The Return of the Jordanian Option

Remember that famous line — “The road to Jerusalem runs through Baghdad” — used by U.S. President George W. Bush and his neoconservative advisors to drum up support for an American invasion of Baghdad? On the eve of the war, Bush Administration officials tried to persuade the international community — and the Arab world in particular — that the emergence of a pro–U.S. democracy in Iraq, the spread of American values in the Middle East and a visible American presence there would create the conditions for resolving the Israeli–Palestinian problem According to the Bush Administration’s rhetoric, the war in Iraq and peace in the Promised Land were of a piece.

But like the other neoconservative grand designs — establishing a pro–American democracy in Iraq; weakening the power of Hizballah in Lebanon; spreading freedom in the Middle East; countering the influence of Syria and Iran in the region — the plans for creating an independent Palestinian state and for building a lasting Israel–Palestine peace, lie in ruins. Since Bush’s previous policies towards Palestine have decidedly failed — and the current one seems doomed to fail as well — it is time to revive the “Jordanian option.” Involving Jordan in the Palestinian issue is the best hope for stability in the West Bank.

Wrong Turns

True to its Wilsonian bent, the Bush Administration originally pressed for free and open elections in Palestine against the advice of Fatah Party chief and Palestinian Authority President Mahmoud Abbas. When the corrupt and ineffective — but secular — Fatah was soundly defeated by the Islamist Hamas party, the shocked Bush Administration was forced to adjust its policy towards the Palestinians. The administration refused to engage the new Hamas government, and — backed by the EU — took steps to isolate Hamas economically and diplomatically. At the same time, Bush’s team pressed Abbas and Fatah to form a center of power capable of counterbalancing the strength of Hamas.

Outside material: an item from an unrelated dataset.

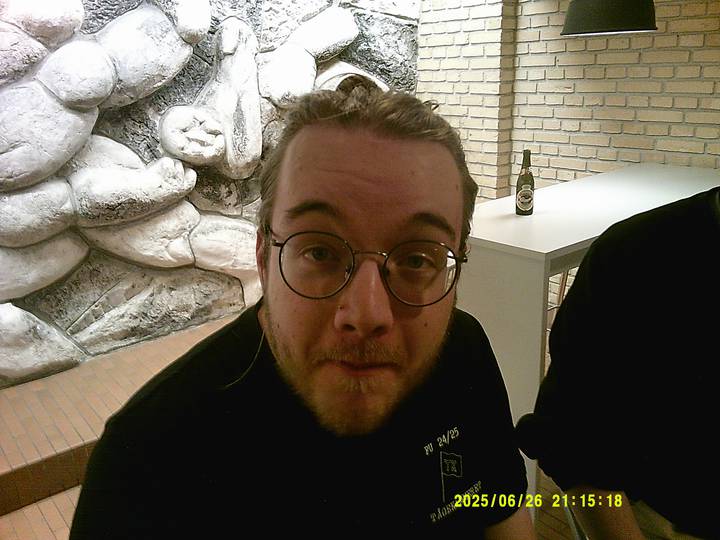 spiril-mode/20250626211518_00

Now, the recent dissolution of the Hamas–Fatah unity government, followed by Hamas’s violent takeover of Gaza, has upset the Bush Administration’s strategy for crushing the Islamist party. President Bush and his aides must change policy course once again, so they are now trying to spin that setback to their advantage. Since Fatah exercises sole control over the West Bank, the administration has proposed the formation of a Western–oriented, Fatah–led Palestinian entity in the West Bank, headed by Abbas. Meanwhile, in Gaza, the administration can continue to pursue its strategy of isolating and eventually strangling Hamas.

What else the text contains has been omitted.